Lastly, as we continue our state’s transition to the Common Core State Standards, I will look for ways to help teachers find opportunities to use the arts to improve their instruction. It is true that our standardized testing model does not recognize how skills in the arts can empower our young people to be talented leaders in the workforce and in society as a whole, so I will seek more ways to integrate arts education into our overall education program. I am thrilled by the work organizations like yours do to advance this effort.

Learn more about Doug Gansler here.

Ralph Jaffe

My education program, “The Pre-K Plan” is a plan for education for grades one through college. I am a teacher and I am in favor of education. It starts with a mother and father. When I used to teach in 1964 I had a parent come see me for parent teacher conferences. This parent said: “I don’t understand my son is doing well in your class but my other son is not doing well in the 10th grade.” We have lost the family as an institution. We have to have a mother and father or surrogate mother or father who is willing to give care. You have to spend time with your children every day and we have to ask about their day every day. Until we fix the family our education is going to be a mess. It is not the money that makes the education system work; it is the effort, time, and commitment to working with your children.

One of the first things I am going to do [as governor] is call a conference of every church leader and every leader of the Jewish community and I am going to tell them they have to go back to their synagogues and churches and tell their members they have to take an interest in their children. Even businesses have to participate in the tracking of a child and be involved in mentoring and communicating with children. There must be a tracking system for everyone who is in the public education system. That doesn’t cost money, it is about leadership.

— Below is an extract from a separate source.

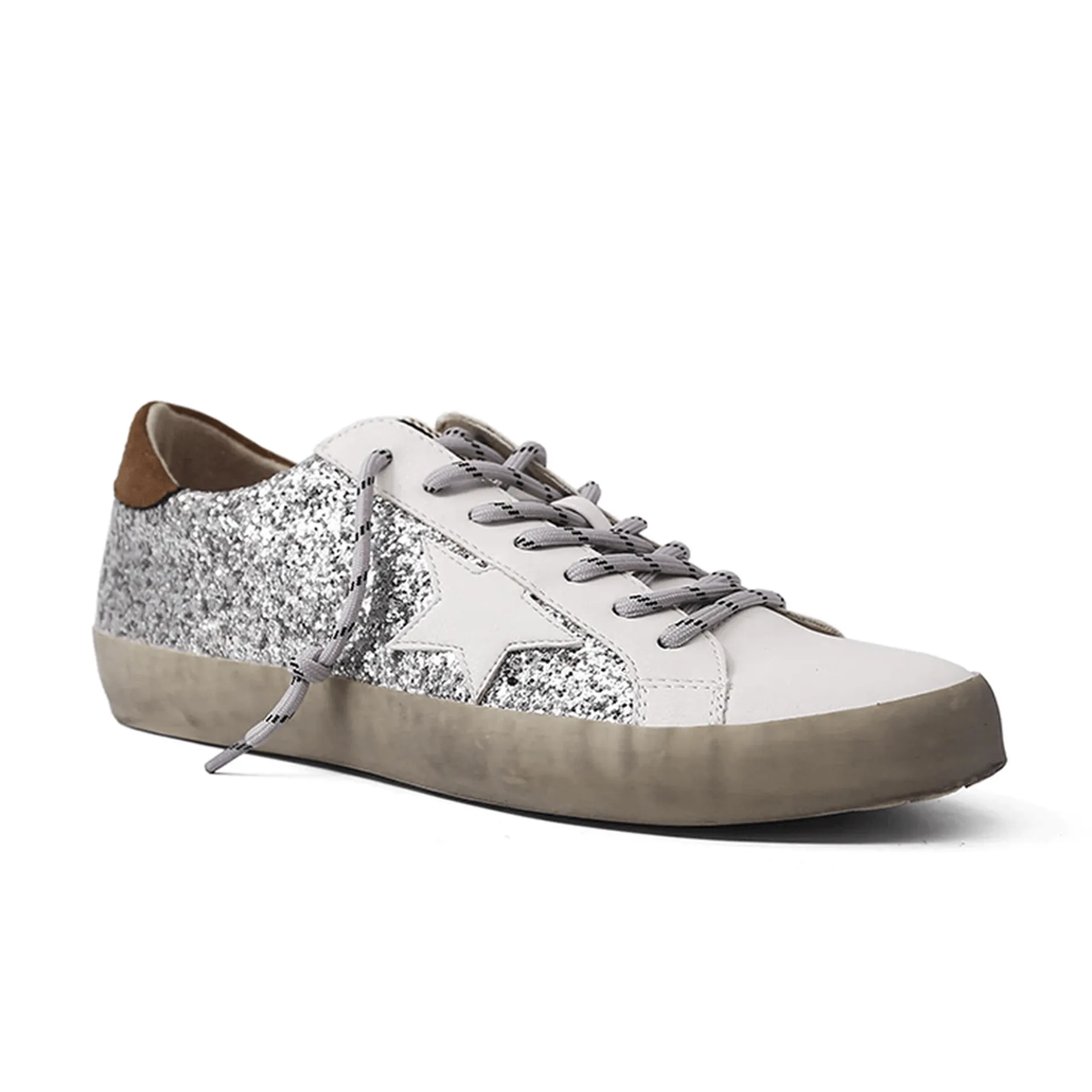 Paula Silver Sparkle Shu Shop Sneaker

Learn more about Ralph Jaffe here.

Heather Mizeur

Any 21st Century innovation economy will need a private sector that knows how to capture the imagination of consumers. My 10-point jobs plan is centered in empowering middle-class families to earn more, be taxed less, and in turn, spend more money in our economy. Maryland needs a creative workforce to not only encourage our consumers to invest in the private sector, but also bring our communities closer together.

That is why I include the arts in my plan for growing our 21st Century innovation economy. Investing in science and technology fields is absolutely crucial—they will create enormous benefits in quality of life advances. But the arts are just as crucial, with regard to both culture and innovation. I have always believed that emotional intelligence is just as important for innovation as scientific intelligence. Look at Apple as just one example. Its products are not necessarily more useful than those of competitors, but the artistic design is extremely user-friendly and it completely captures the imagination of its consumers.

This all has to begin in our schools—a culturally aware and creative workforce has to be developed in our education system. Unfortunately, art has become the stepchild of school subjects. In my time on the House of Delegates Appropriations Committee, I have stood up against cuts to the Maryland State Arts Council (MSAC), which provides many important grants for arts education in both schools and extracurricular settings. As governor, I will work to expand funding for the MSAC, with a focus on providing more grant funding for school systems that need it most. We also need to look at arts as a more important element of the school day and I plan on making that message very clear to local school systems as governor.

This shift in vision for our education system also has to take form in our accountability measures. I am deeply concerned about the growing high-stakes testing culture that is spreading throughout our schools. Learning is not about consuming the right answers—it is about producing the profound questions and chasing those questions passionately. Teaching to the test does not spark creativity and a love for learning. As governor, I will put in place a four-year moratorium on using standardized tests scores for educator evaluations, and explore alternative assessments to PARCC that do more to encourage innovation and creativity in the classroom.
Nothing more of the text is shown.